Maar de opmars van Joplin begon enkele jaren daarvoor, toen hij officieel herontdekt werd door musicoloog, pianist en dirigent Joshua Rifkin, momenteel professor of Music in Boston. In november 1970 bracht Rifkin bij het strikt klassieke platenlabel Nonesuch een album uit met de titel “Scott Joplin: Piano Rags”. Voor de eerste keer verkocht het label meer dan een miljoen exemplaren van een plaat: een verbijsterend commercieel succes. In 1972 werd Treemonisha voor het eerst uitgevoerd door de Atlanta Symphony en in 1973 was het Gunther Schuller die de eerste Grammy won met Joplins muziek: “Scott Joplin: The Red Back Book”. Hamlich leende weer een aantal van Schuller’s orkestraties van Joplins zogenaamde “Standard High-Class Rags” (1912) voor de filmmuziek van The Sting. En zo was de voedingsbodem gezaaid voor het jaren 70 succes van deze opera van Scott Joplin.
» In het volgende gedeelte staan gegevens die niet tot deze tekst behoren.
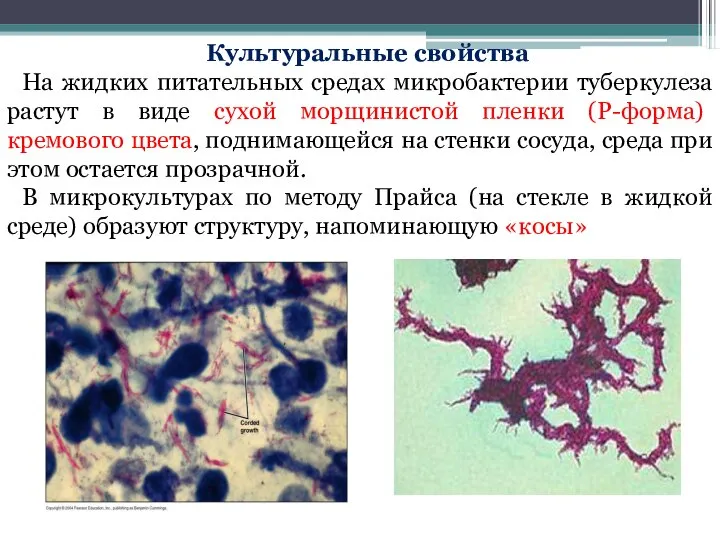 Культуральные свойства На жидких питательных средах микробактерии туберкулеза растут в виде сухой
Niet alleen de onverwachte populariteit is opvallend. Het werk an sich is een raadsel op meerdere fronten. Toen de opera gepubliceerd werd in 1911, prees de American Musician and Art Journal het stuk al aan als “…an entirely new form of operatic art.” Saillant detail is dat Treemonisha tijdens Joplins leven nooit de planken heeft gehaald, dat gebeurde pas 60 jaar later. Hoewel het elementen bevat van ‘zwarte’ volksmuziek en -dansen, een soort van pre-blues muziek, spirituals en een kenmerkende ‘call-and-response’ scene, is het allesbehalve een ‘zwarte’ opera. En het is zeker geen ragtime opera, zoals het werk vaak abusievelijk wordt genoemd. De opera is volkomen traditioneel opgezet in de populaire romantische stijl van begin 20e eeuw, met alles erop en eraan: ballet, ouverture, prelude, koren, aria’s en recitatieven.
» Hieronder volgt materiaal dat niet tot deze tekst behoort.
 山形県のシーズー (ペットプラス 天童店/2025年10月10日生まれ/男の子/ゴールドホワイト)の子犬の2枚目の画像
Treemonisha gaat over een voormalige slavengemeenschap in een bos, in de regio waar Joplin opgroeide. De heldin, de 18-jarige Treemonisha, leert lezen van een blanke vrouw en beschermt daarna haar ‘volk’ tegen degenen die misbruik willen maken van hun bijgeloof en hun gebrek aan educatie. Ze wordt ontvoerd en bijna in een wespennest gegooid als haar vriend Remus haar weet te redden. Hierna kiest de gemeenschap haar tot hun leider omdat ze zich realiseren dat kennis hier hun redding is geweest. De pers noemde het in de jaren 70″…a startlingly early voice for modern civil rights causes, notably the importance of education and knowledge to African American advancement.”
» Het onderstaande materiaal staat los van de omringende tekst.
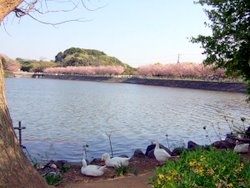 袖ケ浦公園八重桜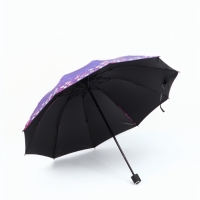 Зонт механический «Хамелеон», эпонж, 4 сложения, 10 спиц, R = 49/56 см, D = 112 см, цвет МИКС Зонт механический «Хамелеон», эпонж, 4 сложения, 10 спиц, R = 49/56 см, D = 112 см, цвет МИКС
Anno 2016 is een discussie gaande over een verontrustende stagnatie in de opera-praktijk. Belangrijke regisseurs en vooraanstaande academici zien de toekomst van de klassieke opera en de regisseurs-opera somber in. Sinds de 19de eeuw hebben klassieke muziek en opera een soort status aparte in Europa, het is kunst voor de kunst, l’art pour l’art, waarin zij geen maatschappelijke functie hoeft te vervullen. Er gaan stemmen op dat hierdoor de opera op termijn de aansluiting met een groot deel van de maatschappij – en daarmee het potentiele publiek – heeft verloren. Misschien heeft Scott Joplin hiervoor met Treemonisha een oplossing gevonden. Het is een echte opera volgens de klassieke regels, maar met een hoog entertainment gehalte door het gebruik van populaire muzikale elementen en een herkenbaar verhaal. Een opmerkelijk staaltje van publieksgericht én maatschappijkritisch componeren, des te verbazingwekkender omdat het is ontstaan in een tijd waarin educatie en culturele bagage vrijwel uitsluitend aan blanken waren voorbehouden. Maar volgens mij is en blijft vooral de aanstekelijke muziek de hoofdoorzaak van de ongekende populariteit. Want waarom zou opera niet ook entertainment mogen zijn? Joplin was zelf “The entertainer”, en zijn lef om een nieuw soort opera proberen te scheppen werd in ieder geval uiteindelijk beloond met een mega-hit.